• _Activity_
Copy only the lines between the one containing "RESTCLOUD Fishing Landing" and the end of the records, both included, leaving out pictures.

Source material: Begin

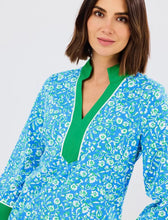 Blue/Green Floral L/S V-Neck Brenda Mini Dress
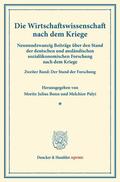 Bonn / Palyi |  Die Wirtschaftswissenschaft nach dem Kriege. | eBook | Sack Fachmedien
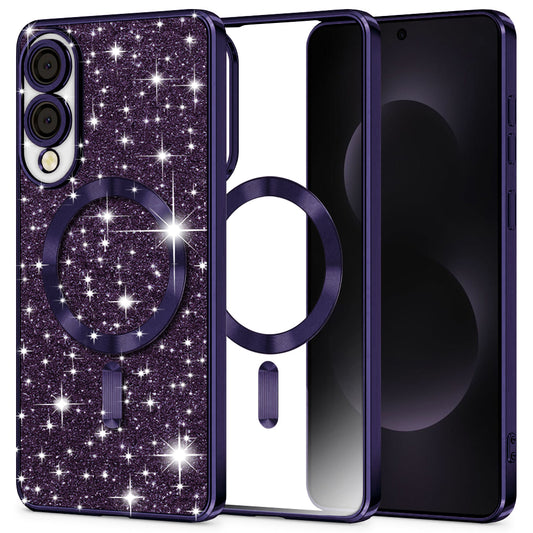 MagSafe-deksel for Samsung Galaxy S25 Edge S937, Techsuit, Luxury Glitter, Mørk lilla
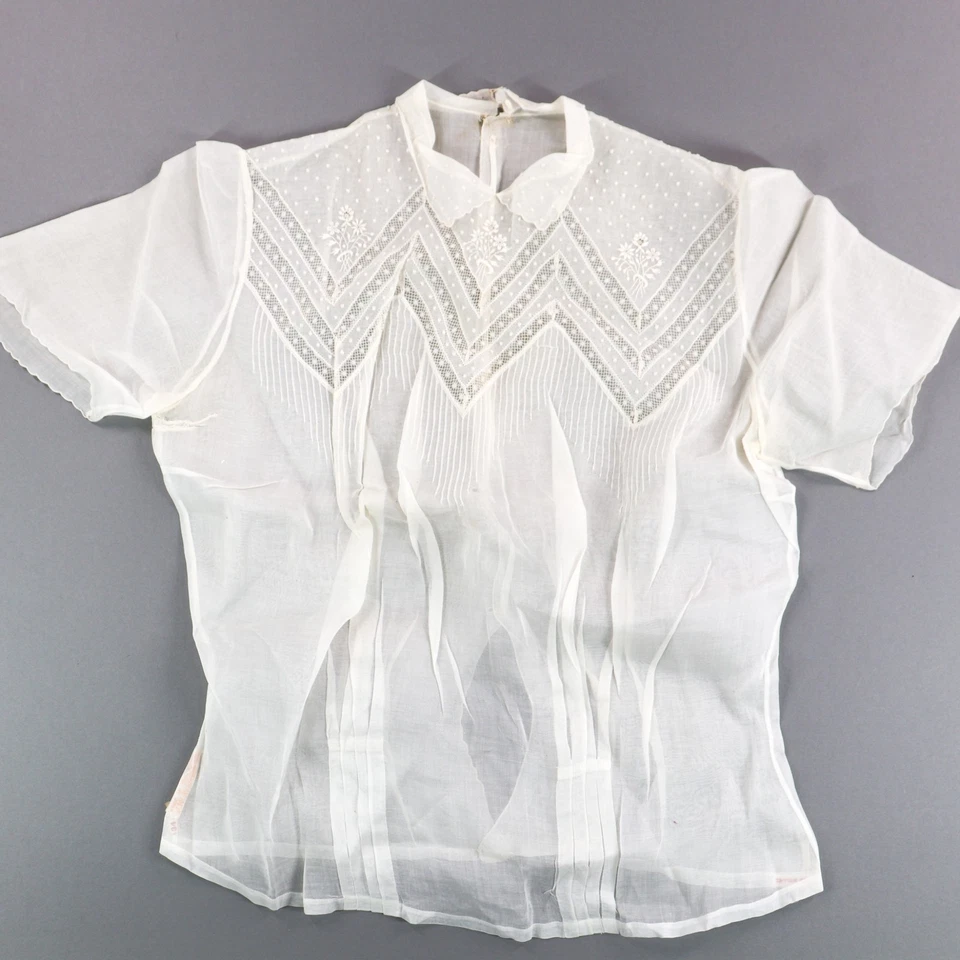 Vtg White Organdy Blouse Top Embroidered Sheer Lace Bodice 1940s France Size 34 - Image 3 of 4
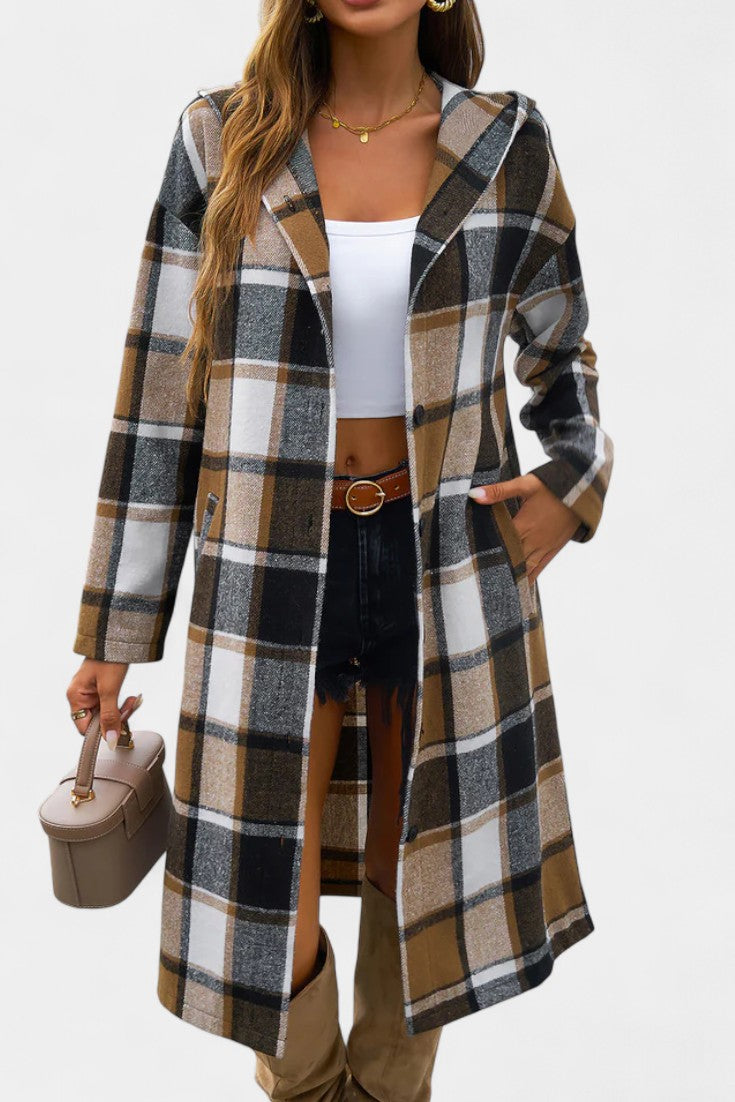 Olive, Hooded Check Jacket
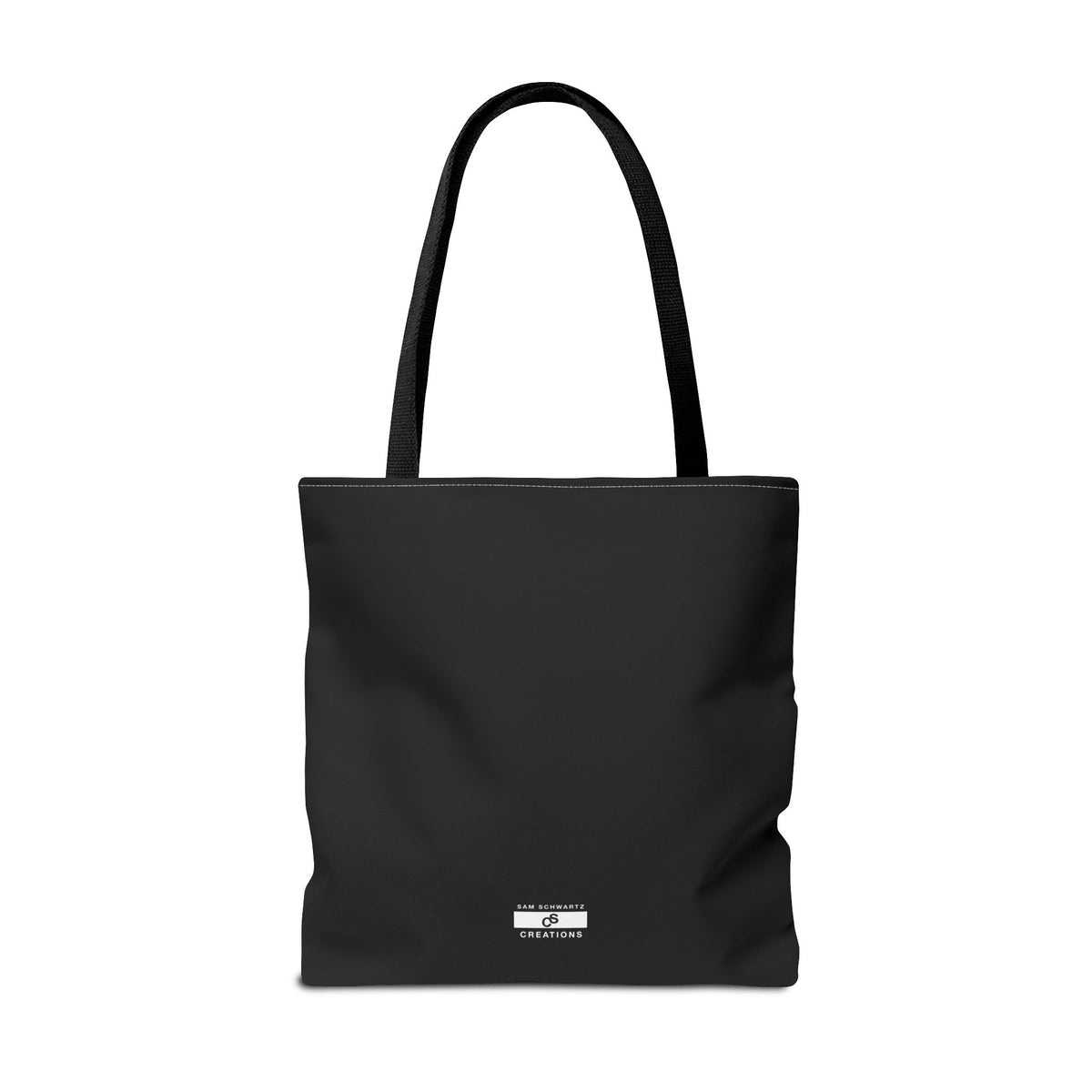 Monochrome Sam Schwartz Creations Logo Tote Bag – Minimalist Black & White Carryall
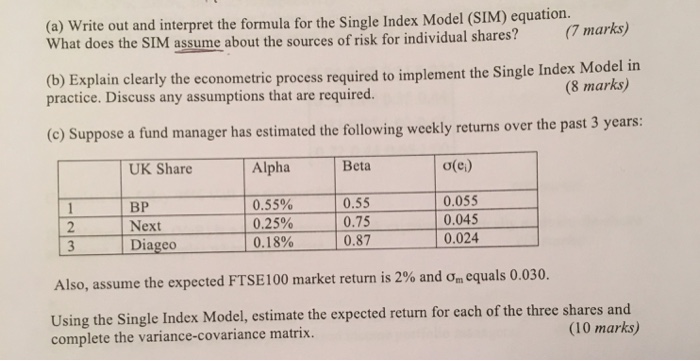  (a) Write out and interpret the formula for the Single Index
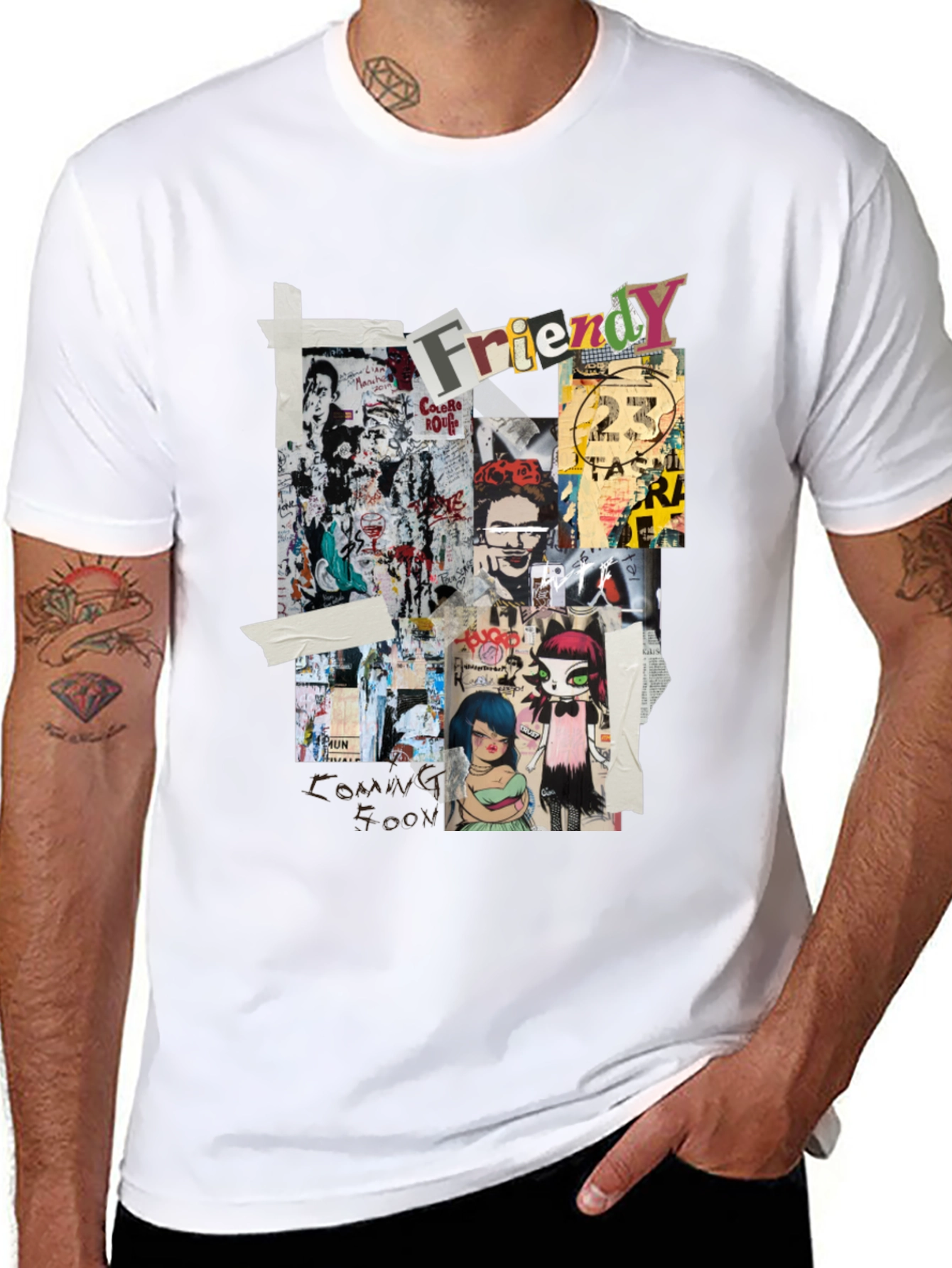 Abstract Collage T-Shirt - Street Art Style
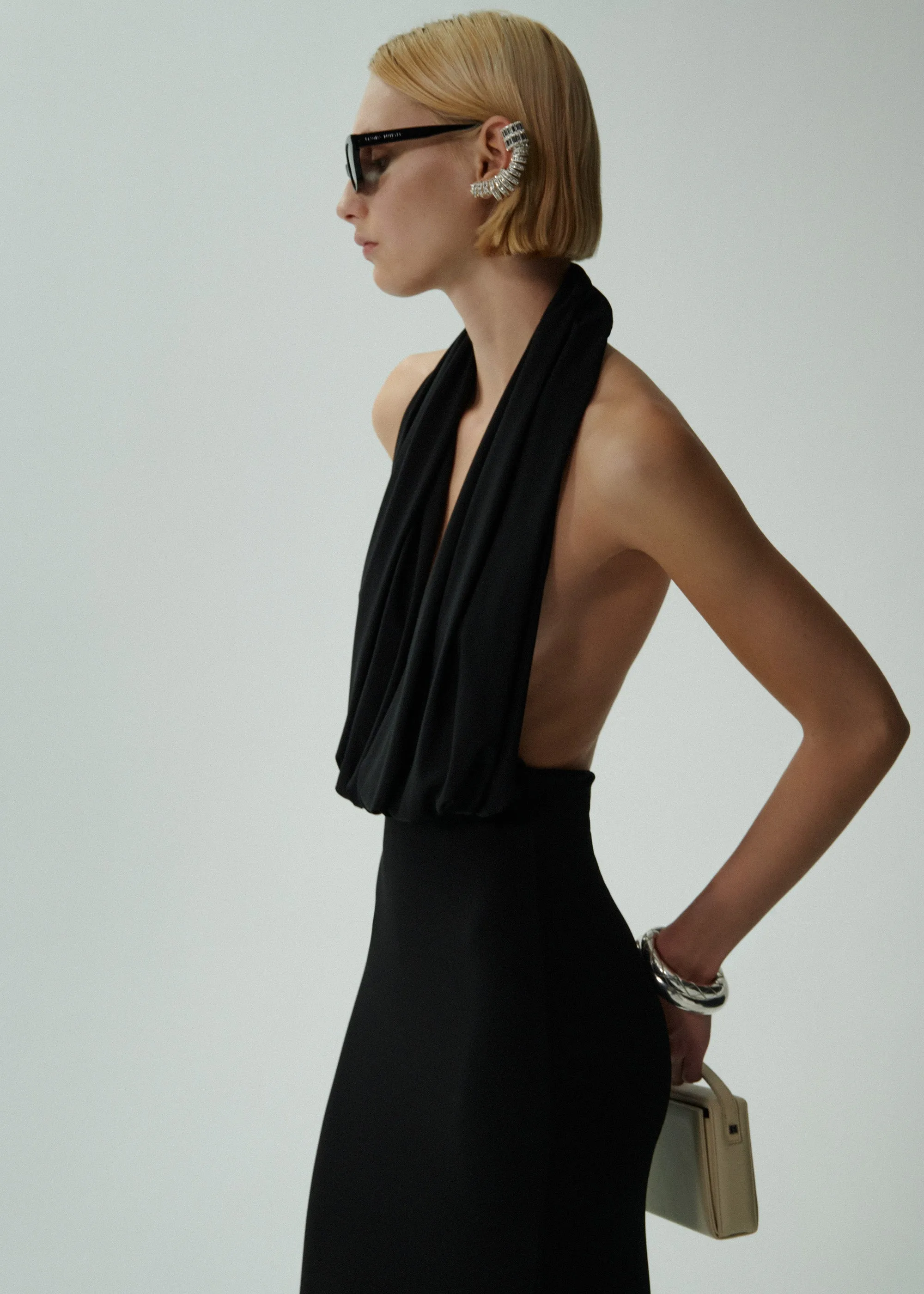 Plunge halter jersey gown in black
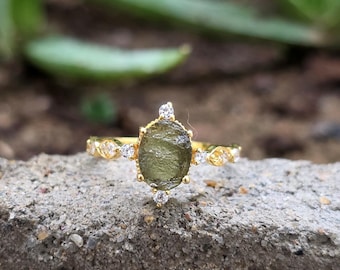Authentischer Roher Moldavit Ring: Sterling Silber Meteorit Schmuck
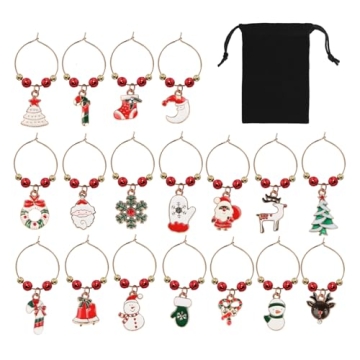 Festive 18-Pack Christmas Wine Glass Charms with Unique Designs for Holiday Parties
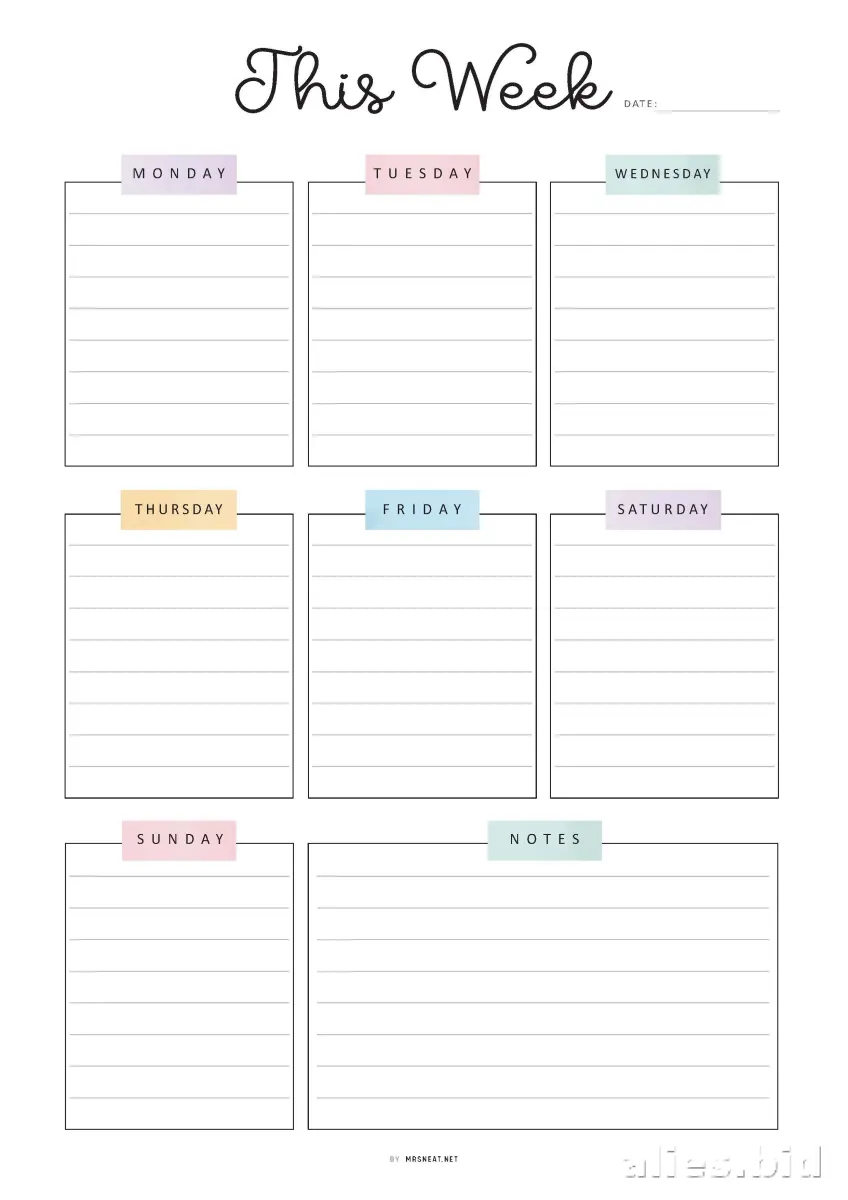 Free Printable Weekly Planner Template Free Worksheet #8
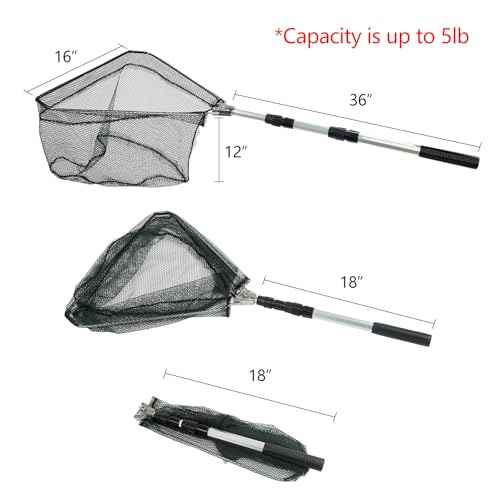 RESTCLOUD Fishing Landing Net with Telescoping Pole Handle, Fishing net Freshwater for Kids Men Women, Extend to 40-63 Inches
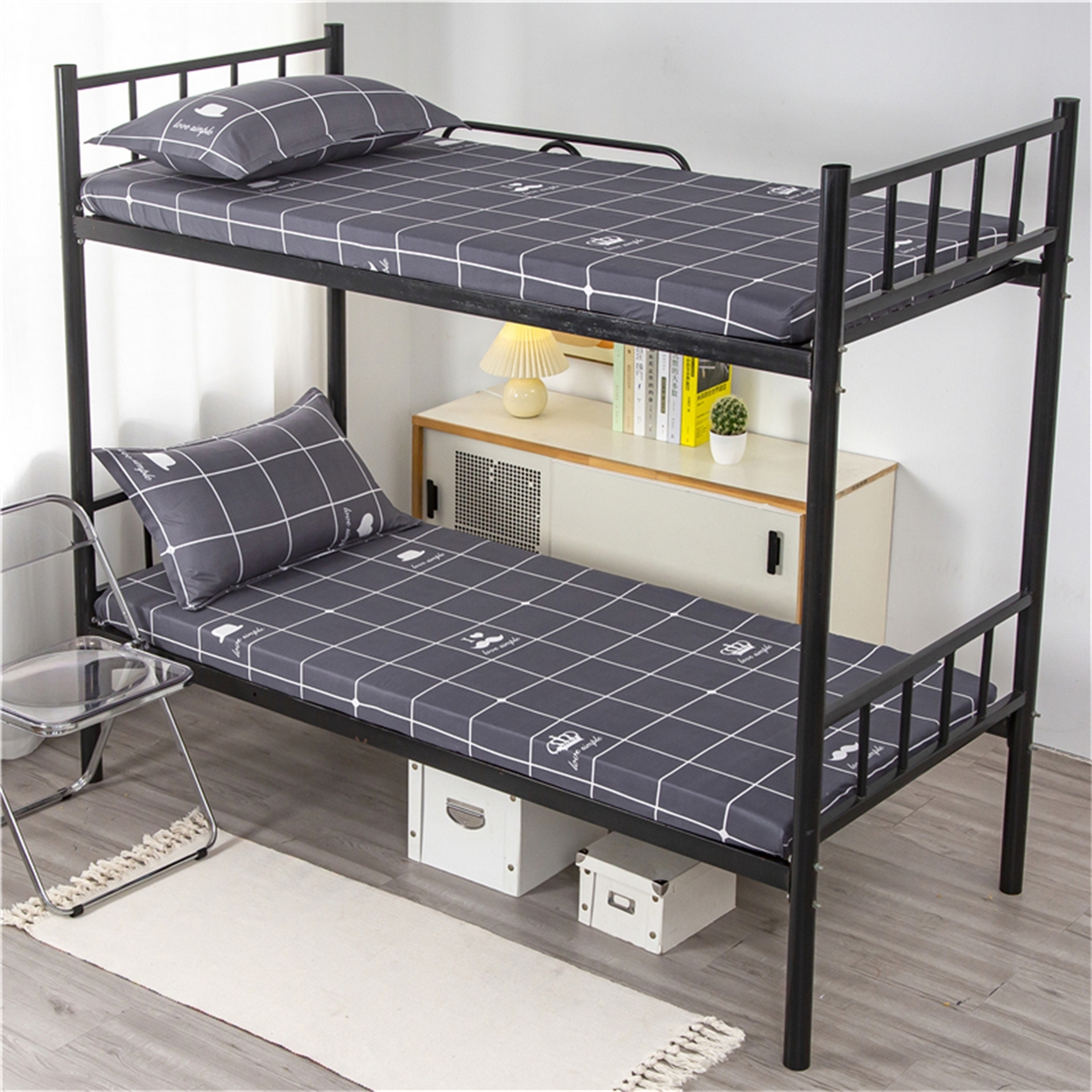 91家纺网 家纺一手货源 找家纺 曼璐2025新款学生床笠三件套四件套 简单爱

Source material: End

• _Task output_
 RESTCLOUD Fishing Landing Net with Telescoping Pole Handle, Fishing net Freshwater for Kids Men Women, Extend to 40-63 Inches
 91家纺网 家纺一手货源 找家纺 曼璐2025新款学生床笠三件套四件套 简单爱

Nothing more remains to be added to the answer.